Anav, Jehiel ben Jekuthiel ben Benjamin Ha-Rofe
ANAV, JEHIEL BEN JEKUTHIEL BEN BENJAMIN HA-ROFE
ANAV, JEHIEL BEN JEKUTHIEL BEN BENJAMIN HA-ROFE (second half of 13th century), author, copyist, and paytan; a member of the Anau family of Rome. Little is known of his life. He was the author of a significant work, first published at Constantinople (1512) under the title of Beit Middot and later in a different version at Cremona (1556) under the title of Ma'alot ha-Middot, on which subsequent editions were based. The book, dealing with 24 "steps" with ethical conduct, is based on talmudic, midrashic, and other sources. It begins and ends with a poem. The work enjoyed great popularity (nearly 40 manuscripts are extant). It was often reissued and was translated into Ladino. Entire chapters of it were included by Jacob *Emden in his Migdal Oz (1748). In 1968 the work was republished from a manuscript written in 1287 by the author. Jehiel also wrote Hilkhot Sheḥitah on the laws of ritual slaughter (in manuscript).

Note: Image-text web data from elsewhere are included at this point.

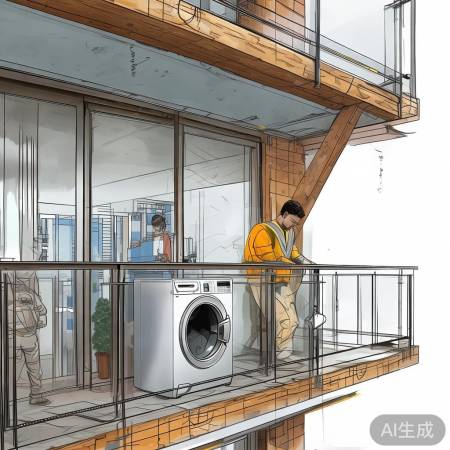 科慕(COLMO)洗衣机400快捷通剖析『阳台洗衣机装修,这些细节要注意避免踩坑』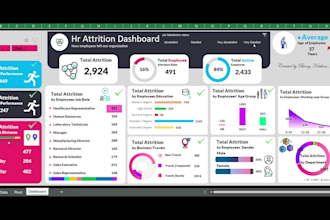 create professional excel dashboard, pivot tables, and chart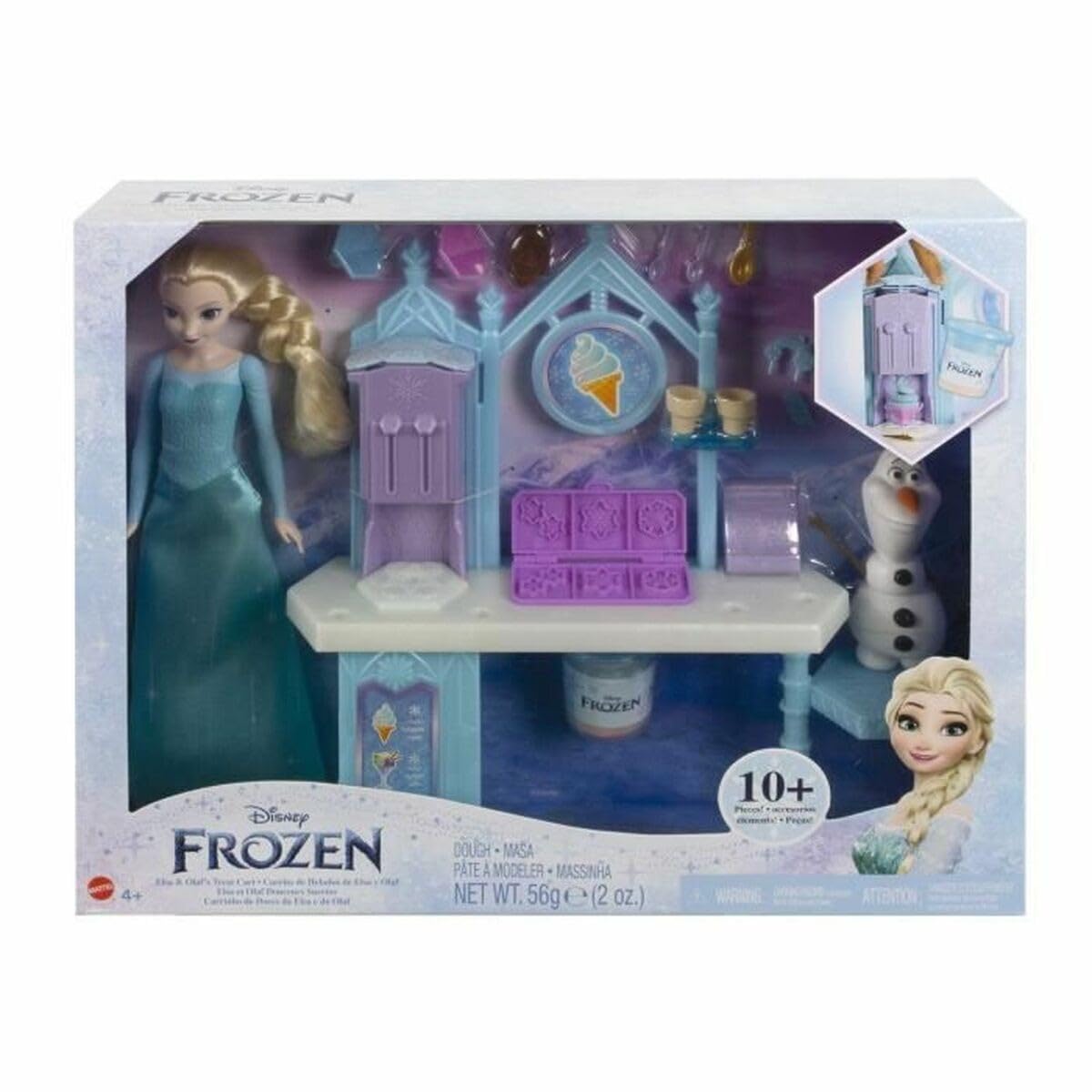DISNEY Frozen - Elsa and Olaf's Ice Cream Stand with Dessert Machine and accessories, for kids 3 years and up, HMJ48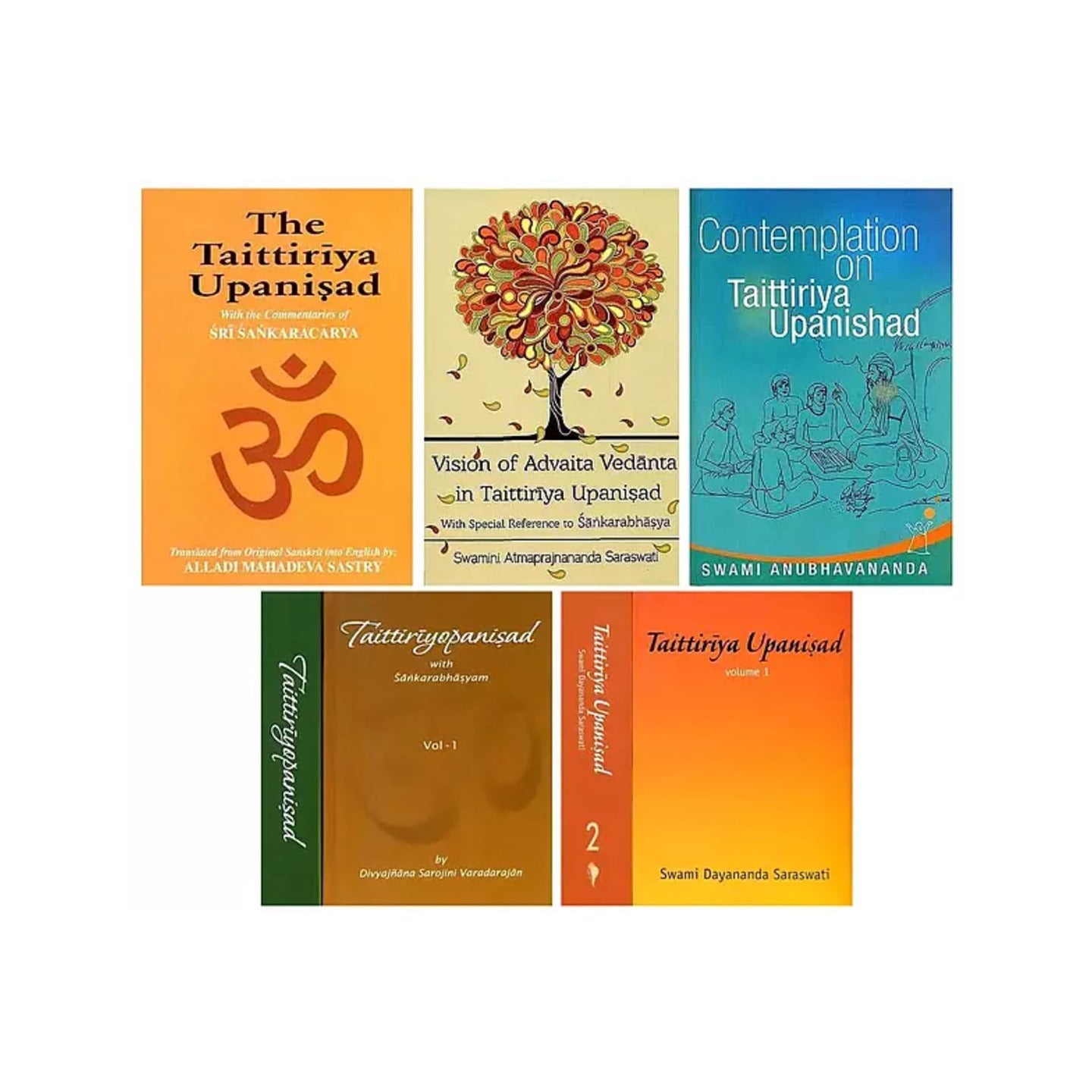 Big Commentaries On The Taittiriya Upanisad (Set Of 6 Books) - Totally Indian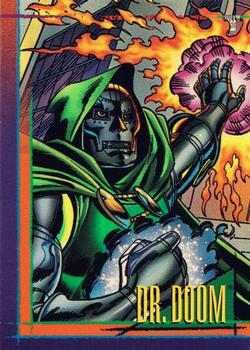 1993 SkyBox Marvel Universe #79 Dr. Doom Front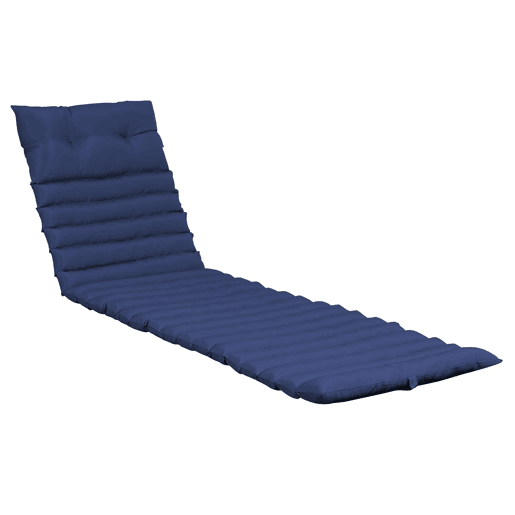 Almofadas para espreguiçadeira de exterior, 2 unidades u2013 almofadas de substituição para mobiliário de jardim, acolchoadas e confortáveis u2013 azul-marinho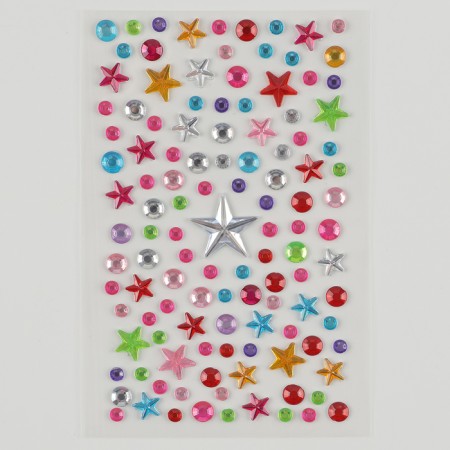 Application with rhinestones for children "Cosmos", a set for creativity, A5-4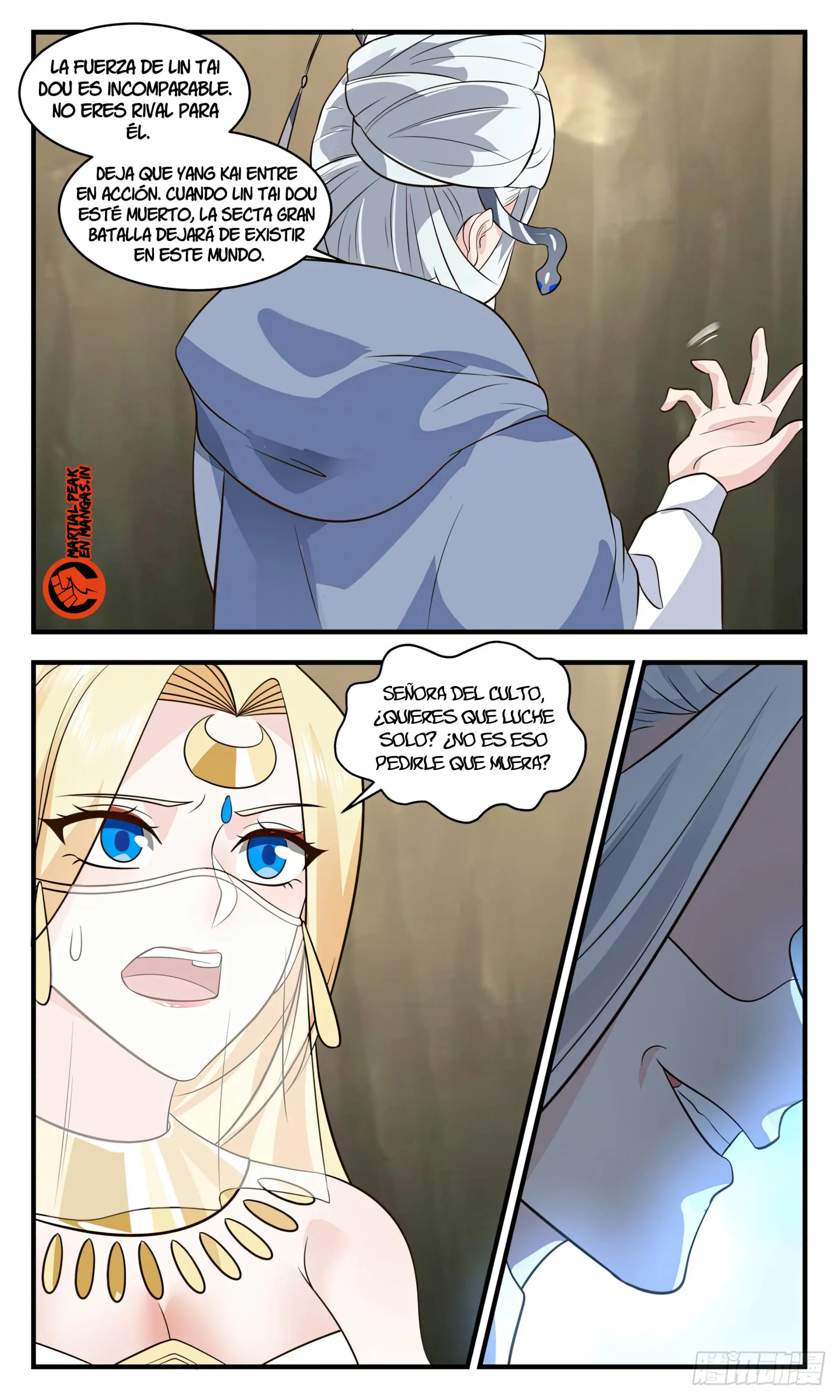 La Cumbre del Arte Marcial — Capítulo 2997 — 9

Some manuscripts which Jehiel copied have been preserved. The number of errors which they contain is not at all surprising in view of the great speed at which he worked. The only complete extant manuscript of the Jerusalem Talmud, now in the Leiden Library, from which the 1523–24 Venice edition was published, was copied by him in 1289. He completed the orders of Nashim and Nezikin in a month and 12 days. This manuscript has proved of great importance for research into the text of the Jerusalem Talmud. It contains his own notes and emendations, as do other manuscripts which he copied (in some instances he inserted various annotations into the text itself). His share, if any, in Tanya Rabbati (Mantua, 1514) has not been convincingly demonstrated, and there are divergent views on this score. There are also differences of opinion concerning the similarity between large sections of this work and the Shibbolei ha-Leket, written by his relative Zedekiah b. Abraham *Anav. There are two principal views on this subject. S.H. Kook maintains that Tanya Rabbati is the first edition of Shibbolei ha-Leket, which Jehiel copied and into which he inserted his own notes and incorporated passages from a later edition of the Shibbolei ha-Leket as known today. S.K. Mirsky regards Jehiel as the author of Tanya Rabbati and attributes the similarities in the two works to the fact that both Jehiel and Zedekiah received the teachings of Jehiel's uncle, Judah b. Benjamin Anav. In addition to the poems mentioned above, Jehiel wrote another at the end of the Jerusalem Talmud manuscript and a kinah on the destruction of a synagogue and of 21 Torah scrolls in a fire that broke out in Trastevere, Rome, in 1268 (Kobez al Jad, 4 pt. 2 (1888), 26, 29 ff.). Other piyyutim are ascribed to him (see Davidson, Oẓar, 4 (1933), 409).
bibliography:
Guedemann, Gesch Erz, 2 (1884), 196–201, 327–8; S. Buber (ed.), Shibbolei ha-Leket ha-Shalem (1886), 24–31 (introd.); Vogelstein-Rieger, 1 (1896), 393 ff.; Frankel, Mevo, 141b–143a; Epstein, in: Tarbiz, 5 (1933/34), 257–72; 6 (1934/35), 38–55; S. Lieberman, Ha-Yerushalmi ki-Feshuto (1934), 15 ff. (introd.); idem, in: Sefer ha-Yovel… H. Albeck (1963), 283–305; S.H. Kook, Iyyunim u-Meḥkarim, 2 (1963), 268–73; S.K. Mirsky (ed.), Shibbolei ha-Leket ha-Shalem (1966), 40–49 (introd.).